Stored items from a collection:

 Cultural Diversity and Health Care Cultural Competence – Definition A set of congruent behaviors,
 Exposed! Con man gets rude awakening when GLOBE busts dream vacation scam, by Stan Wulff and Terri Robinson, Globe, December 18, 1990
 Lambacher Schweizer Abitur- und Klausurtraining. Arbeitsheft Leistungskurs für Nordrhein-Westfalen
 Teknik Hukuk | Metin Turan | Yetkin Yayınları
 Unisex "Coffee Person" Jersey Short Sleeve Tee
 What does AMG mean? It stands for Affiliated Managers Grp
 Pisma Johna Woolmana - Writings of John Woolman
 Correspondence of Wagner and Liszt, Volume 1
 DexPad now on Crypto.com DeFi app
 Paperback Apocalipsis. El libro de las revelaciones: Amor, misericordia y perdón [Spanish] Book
--
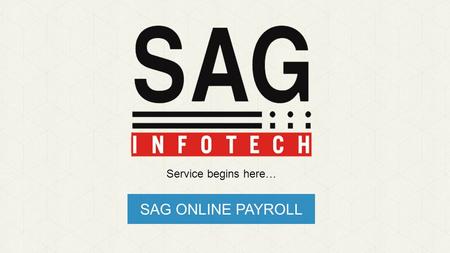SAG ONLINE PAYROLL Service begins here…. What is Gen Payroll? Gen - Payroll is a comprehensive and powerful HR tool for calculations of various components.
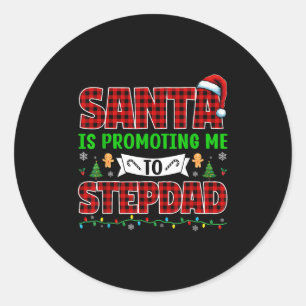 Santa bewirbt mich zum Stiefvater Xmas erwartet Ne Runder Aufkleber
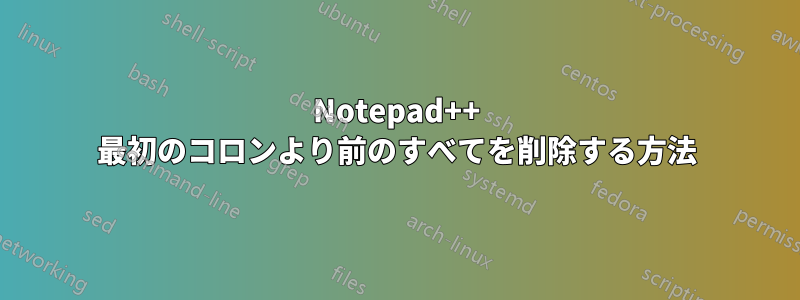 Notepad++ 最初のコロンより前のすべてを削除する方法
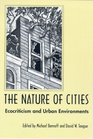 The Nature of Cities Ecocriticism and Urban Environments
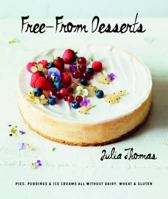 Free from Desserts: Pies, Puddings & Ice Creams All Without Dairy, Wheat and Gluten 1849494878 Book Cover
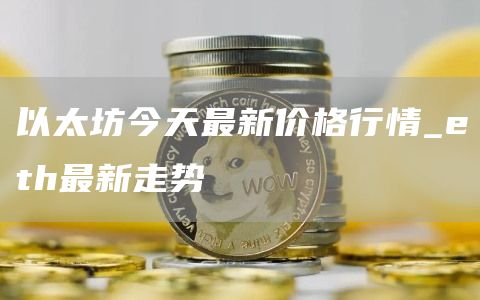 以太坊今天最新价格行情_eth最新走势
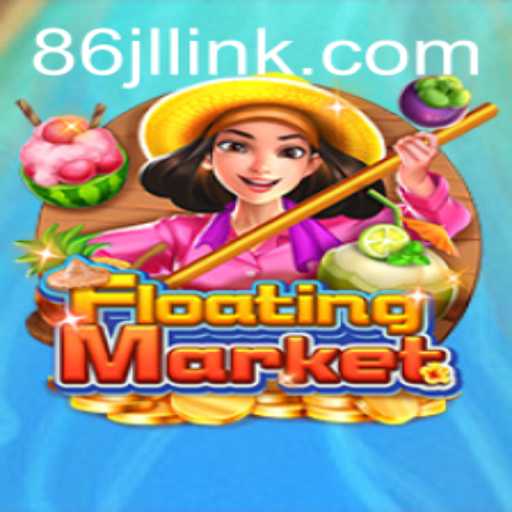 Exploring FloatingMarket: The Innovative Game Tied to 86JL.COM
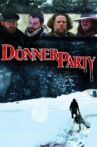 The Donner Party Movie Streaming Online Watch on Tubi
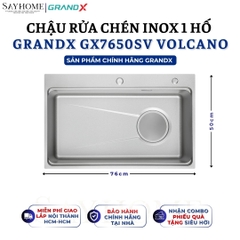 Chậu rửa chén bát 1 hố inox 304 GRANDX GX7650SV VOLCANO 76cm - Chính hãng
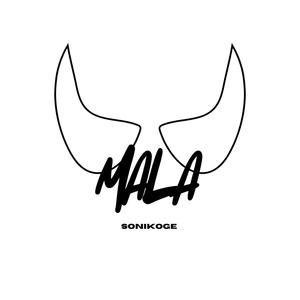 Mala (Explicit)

Problem statement:
Going back over the entries above, copy word for word every line from the one that has "Cultural Diversity and" on through the one that has "Exposed! Con man".

Result of this task:
 Cultural Diversity and Health Care Cultural Competence – Definition A set of congruent behaviors,
 Exposed! Con man gets rude awakening when GLOBE busts dream vacation scam, by Stan Wulff and Terri Robinson, Globe, December 18, 1990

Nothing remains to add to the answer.